Conference organisers call for national debate
on future of Canada’s equalization programme

MONTREAL – Professor James Buchanan, 1986 Nobel Laureate in Economics, says that equalization programmes can be captured and destroyed by politics and bad design. Known as one of the “fathers of equalization” because his early writings were highly influential in the design of equalization programmes such as Canada’s, Buchanan revisited his arguments of 50 years ago in Montreal today. He said that he didn’t take enough account of how political interference with the operations of such programmes can outweigh the good intentions behind them.

While not commenting directly on Canada’s equalization programme, Prof. Buchanan pointed out that a defensible programme must not be captured by political coalitions in equalization-receiving provinces and used for their narrow political purposes, such as enriching specific government programmes that benefit only their supporters. Equalization only works if its benefits flow to all residents of recipient provinces. The keynote speaker at a conference in Montreal on “Equalization: Helping Hand or Welfare Trap?”, Professor Buchanan also noted that a badly designed equalization programme can do more harm than good: for any of the desired results of equalization to be achieved, “rather precise implementation” is required, without which “perverse resource shifts might occur.”
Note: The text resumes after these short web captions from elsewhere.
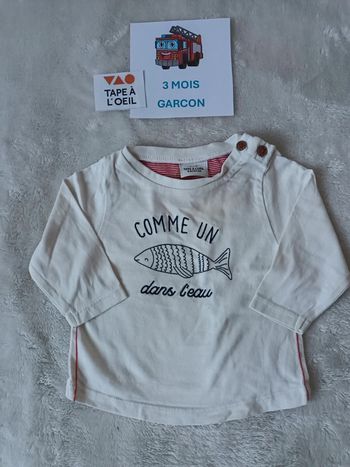 Tshirt 3 mois tape a l oeil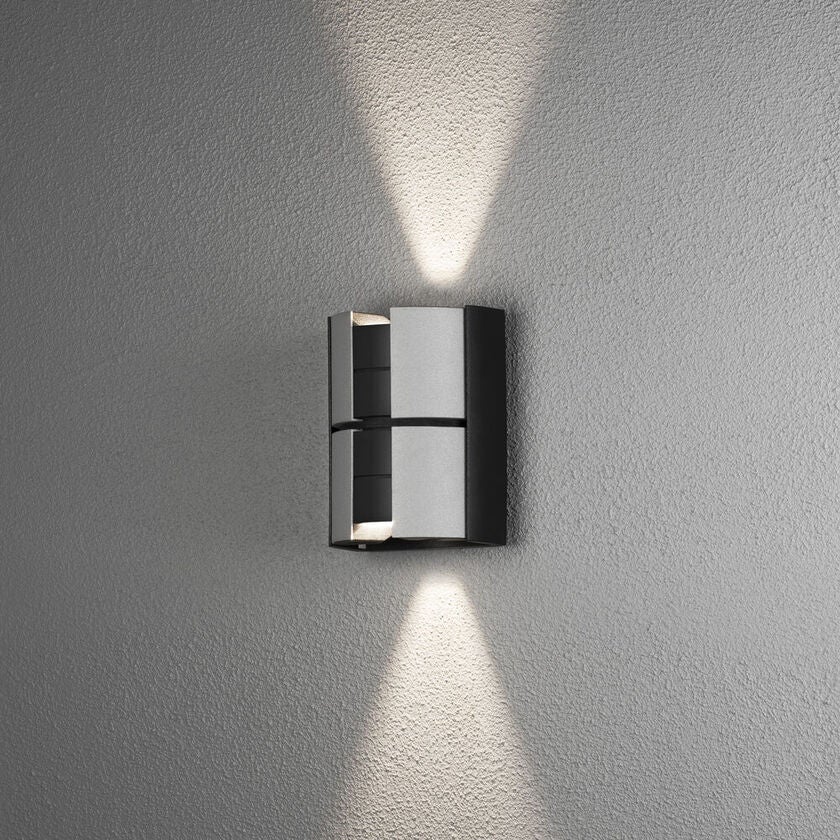 Vidar vägglykta 2x5W LED svart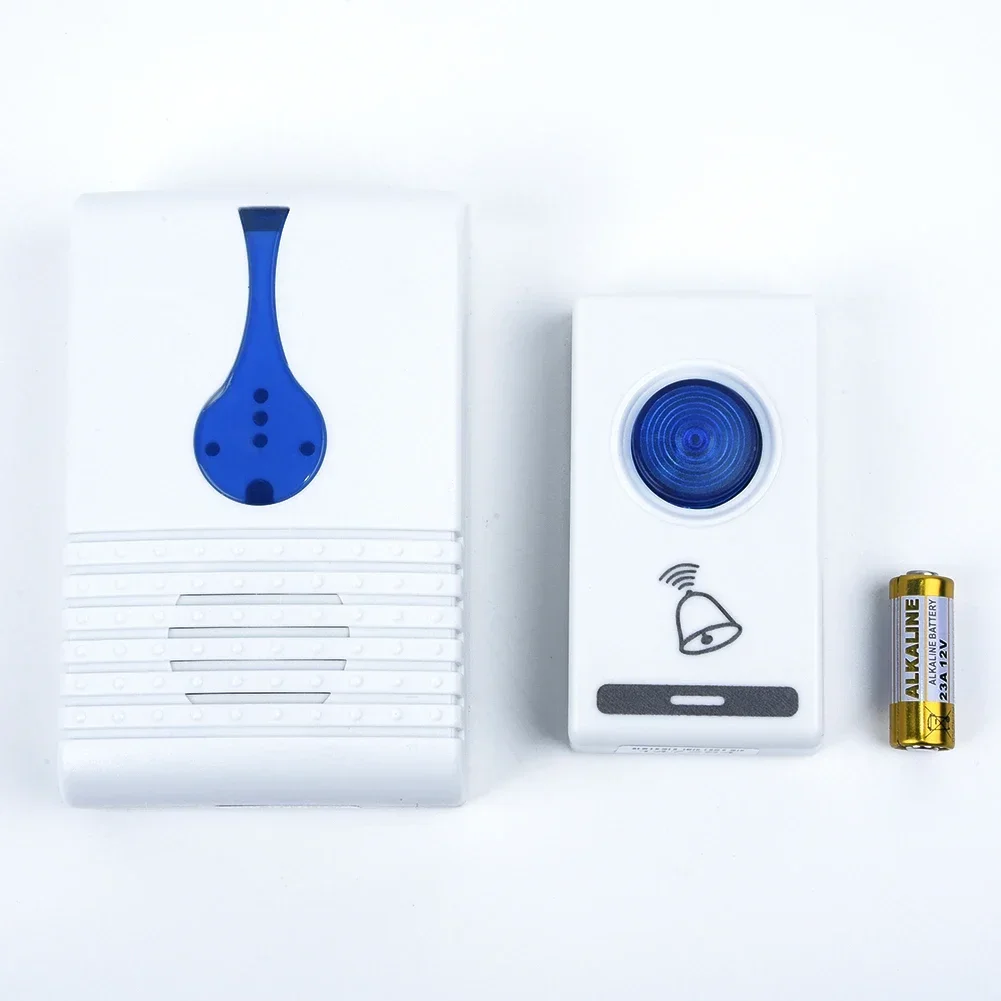 White LED Wireless Doorbell Door Bell Battery Powered LED Light 32 Tune Songs Wireless Home Security Smart Doorbells General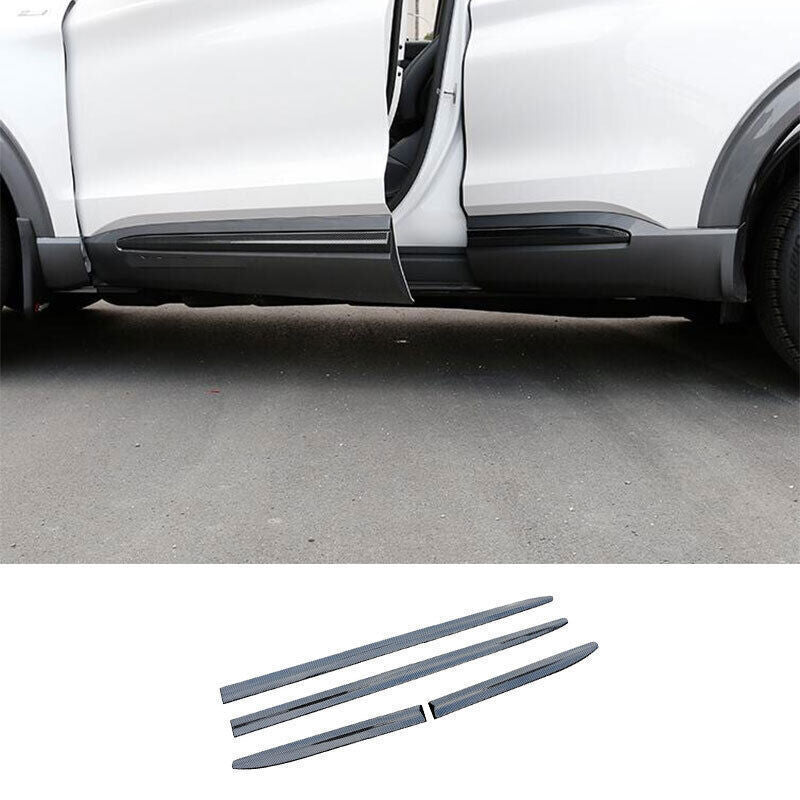 Side Door Body Guard Molding Cover Trims for Ford Explorer 2020-2023 Carbon ABS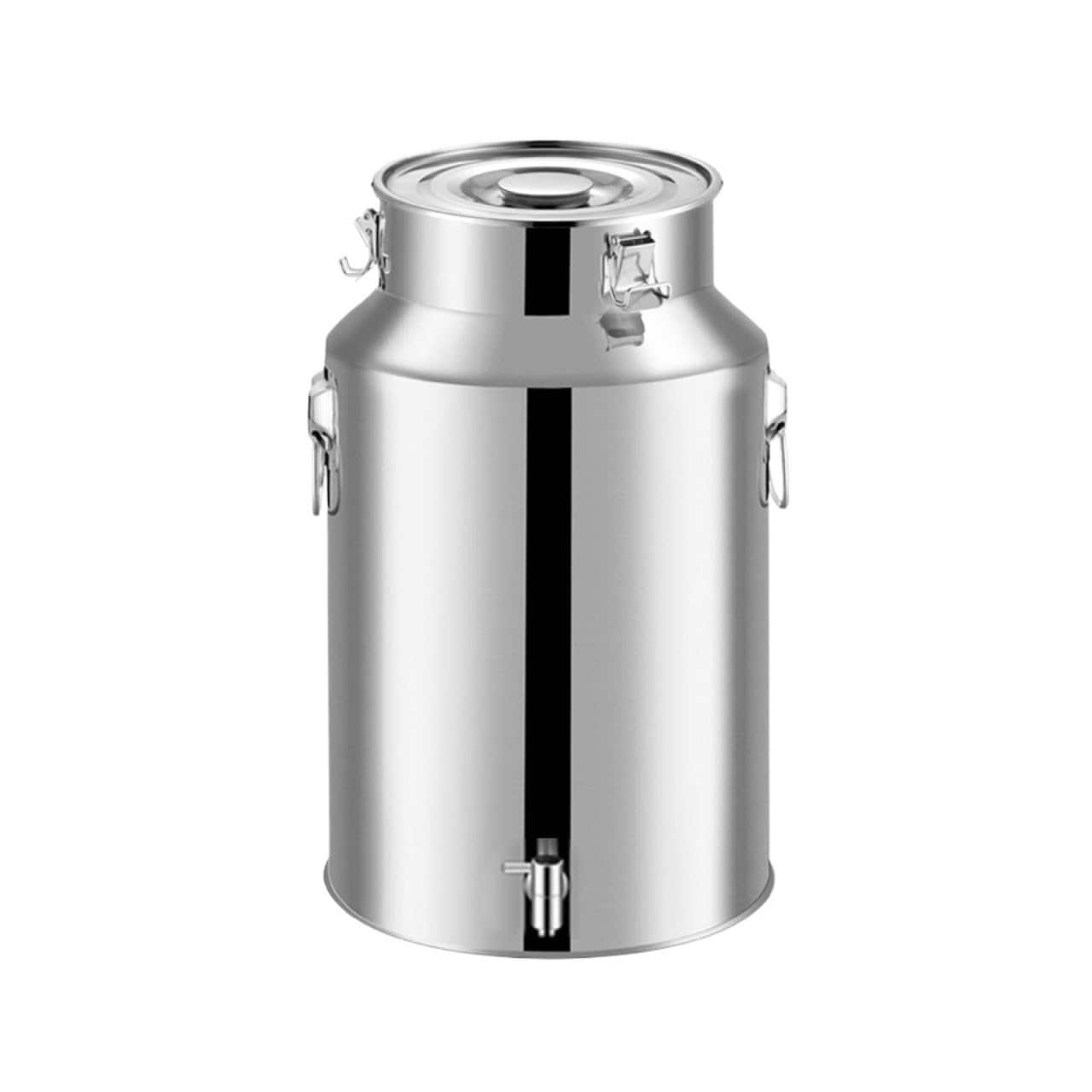 Milk Frothing Pitcher Jugs Milk Barrel Sealed Tank Stainless Steel Transport Bucket Wine Pail Canister Oil Jug Seamless Design(30 * 50cm)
A number of leading experts on Canada’s $10-billion-plus equalization regime also spoke at the Montreal conference, which was co-sponsored by three public policy institutes (the Atlantic Institute for Market Studies, the Montreal Economic Institute, and the Frontier Centre for Public Policy) representing all of Canada’s equalization-receiving provinces. Several of those experts took up Prof. Buchanan’s challenge of examining the details of Canada’s equalization regime to see to what extent its original intent might have been distorted or undermined by constant political tinkering over the years, as well as by poor design, such as in the way natural resource revenues are handled, and perverse incentives for equalization-receiving provinces to engage in imprudent behaviour in order to maximise their equalization entitlement.

According to the heads of the three Institutes, equalization in Canada is in need of a serious and rigorous re-examination in light of the remarks made by Professor Buchanan and others.
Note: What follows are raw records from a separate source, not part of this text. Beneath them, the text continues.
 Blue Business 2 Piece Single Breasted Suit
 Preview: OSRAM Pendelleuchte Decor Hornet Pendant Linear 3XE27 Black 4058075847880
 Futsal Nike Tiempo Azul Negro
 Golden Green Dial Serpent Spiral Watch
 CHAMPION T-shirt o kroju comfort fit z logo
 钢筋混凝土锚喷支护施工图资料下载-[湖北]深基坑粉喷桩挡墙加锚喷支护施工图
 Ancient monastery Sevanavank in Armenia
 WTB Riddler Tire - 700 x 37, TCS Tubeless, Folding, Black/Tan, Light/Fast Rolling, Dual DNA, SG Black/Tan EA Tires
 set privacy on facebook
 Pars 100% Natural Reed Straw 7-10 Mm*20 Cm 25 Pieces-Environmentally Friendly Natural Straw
Brian Lee Crowley, President of the Atlantic Institute for Market Studies, speaking on behalf of his colleagues, argued that it was time to look past the good intentions of the equalization programme, and to analyse objectively how politics at both the federal and provincial levels may have taken Canada’s programme far from its original and laudable objectives. “When the father of equalization comes to Canada and says ‘I didn’t take enough account of how politics and poor design can make equalization go wrong’, and then some of Canada’s leading experts on equalization – such as Ken Boessenkool of the C.D. Howe Institute, Paul Boothe, former Deputy Minister of Finance in Saskatchewan and Michel Boucher of the Ecole nationale d’administration publique – all agree that there are major flaws in the way equalization operates in Canada, we think that the stage is set for a major re-think of all aspects of the programme. We are going to continue to work to draw the attention of opinion leaders and policy makers to the many ways in which equalization may in fact be a drag on economic growth in the country’s poorer regions, and the alternative approaches that would better serve what must be our ultimate objective: a Canada in which every region has achieved a level of prosperity and self-reliance such that equalization is unnecessary.”

Copies of Professor Buchanan’s remarks are available on the three Institutes’ websites ( ). The other papers presented at the conference will be posted over the next few months.

Equalization is the programme by which Ottawa ensures that each provincial government, regardless of the strength of its local tax base, receives sufficient revenues to provide adequate services, such as education, health care and transport, to its residents. It is currently one of Ottawa’s largest spending programmes, out of which payments are made to Saskatchewan, Manitoba, Quebec, New Brunswick, Nova Scotia, Prince Edward Island and Newfoundland.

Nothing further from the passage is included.